Penalties in the penal code and law: Article 62 – possession of a small amount – up to 3 years of imprisonment; possession of a significant amount – up to 10 years; Article 63 – cultivation of psilocybin mushrooms – up to 8 years; Article 56 – trafficking in psychotropic substances – up to 12 years. For the Polish reader, this is clear: self-use of psilocybin for "therapeutic" purposes in Poland constitutes a crime and cannot be recommended.

Polish Psychedelic Society and the emerging community

The Polish Psychedelic Society (PTP) is a public benefit organization operating since 2014, bringing together psychiatrists, psychologists, scientists, and journalists interested in psychedelic psychiatry (Polish Psychedelic Society, 2024). PTP conducts educational activities, organizes conferences, translates scientific publications, and supports Polish researchers applying for approvals for clinical studies.

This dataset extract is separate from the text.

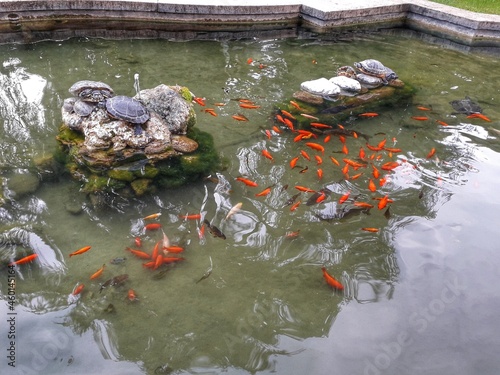 turtles and goldfish in the fountain
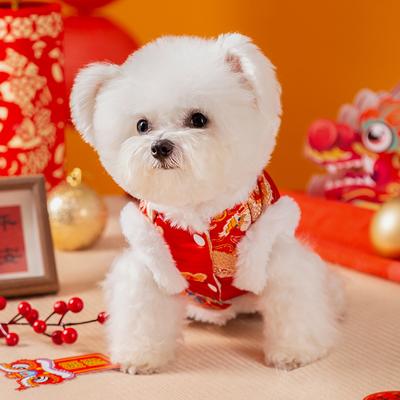 Dog Clothes New Year's Gold Silk Dragon Pattern Rough Edge Four Feet Warm Small Dog Bi Xiong Teddy Autumn Winter Pet Tang Clothing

In 2024-2025, the first academic applications for approvals to conduct clinical research with psilocybin in Poland emerged (mainly in Warsaw and Gdańsk centers). The procedures are tedious, requiring the consent of the Minister of Health, the Chief Pharmaceutical Inspector, and the Bioethics Committee. A realistic horizon for the first results from Poland is 2027-2030.

Legally and clinically: what is allowed and what is not?

Allowed: reading, education, participation in conferences, conducting academic research after obtaining approvals, discussing with a psychiatrist one's history and expectations regarding potential psychedelic therapies in the future. It is also allowed to familiarize oneself with clinical protocols and publications in peer-reviewed journals.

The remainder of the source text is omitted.